§ **WHAT IS EXPECTED**
Each line in the material below, starting at the one with "ДТП у Києві: рух" and ending at the one with "Building Photo - 1922 S Springfield Ave", is to be reproduced exactly; no picture is to be copied.

§ **EXTRACTED DATA**
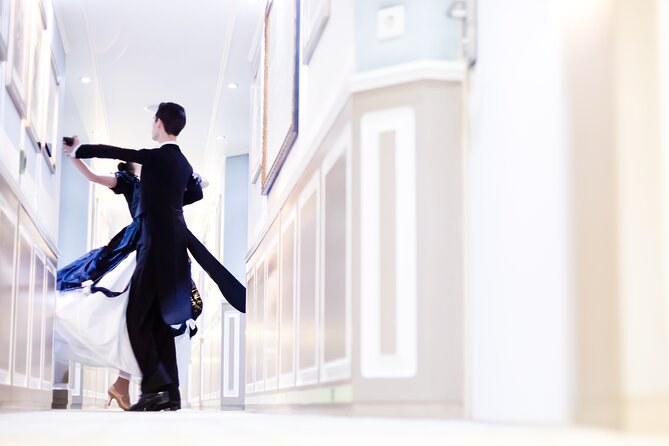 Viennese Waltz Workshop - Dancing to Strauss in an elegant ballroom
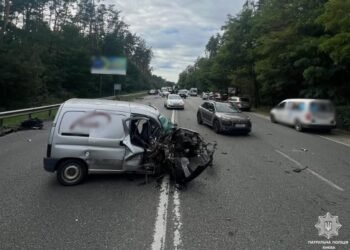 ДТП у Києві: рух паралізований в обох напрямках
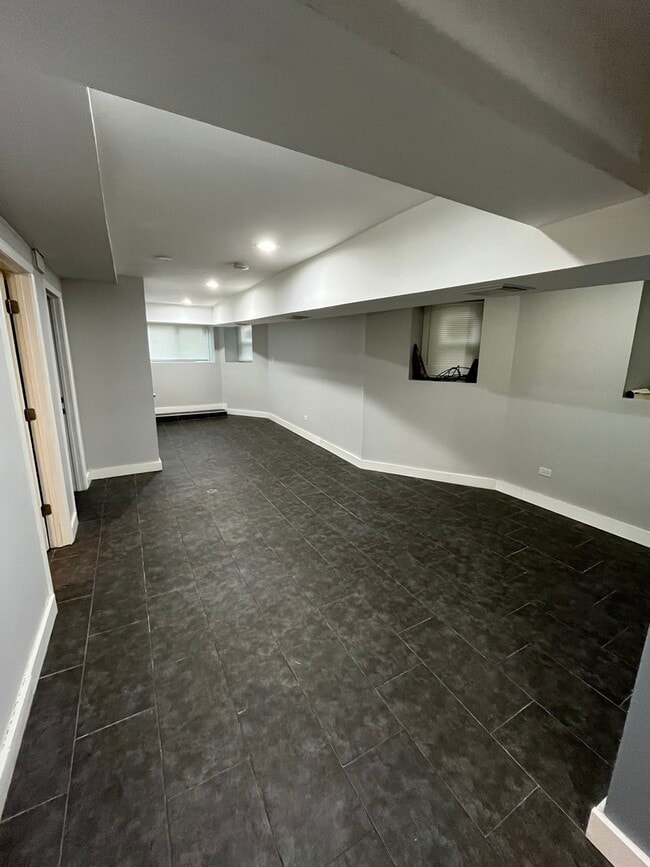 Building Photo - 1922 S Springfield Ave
...
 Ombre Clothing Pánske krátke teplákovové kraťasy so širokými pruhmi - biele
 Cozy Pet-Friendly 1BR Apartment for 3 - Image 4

§ **ANSWER TO THE EXERCISE**
 ДТП у Києві: рух паралізований в обох напрямках
 Building Photo - 1922 S Springfield Ave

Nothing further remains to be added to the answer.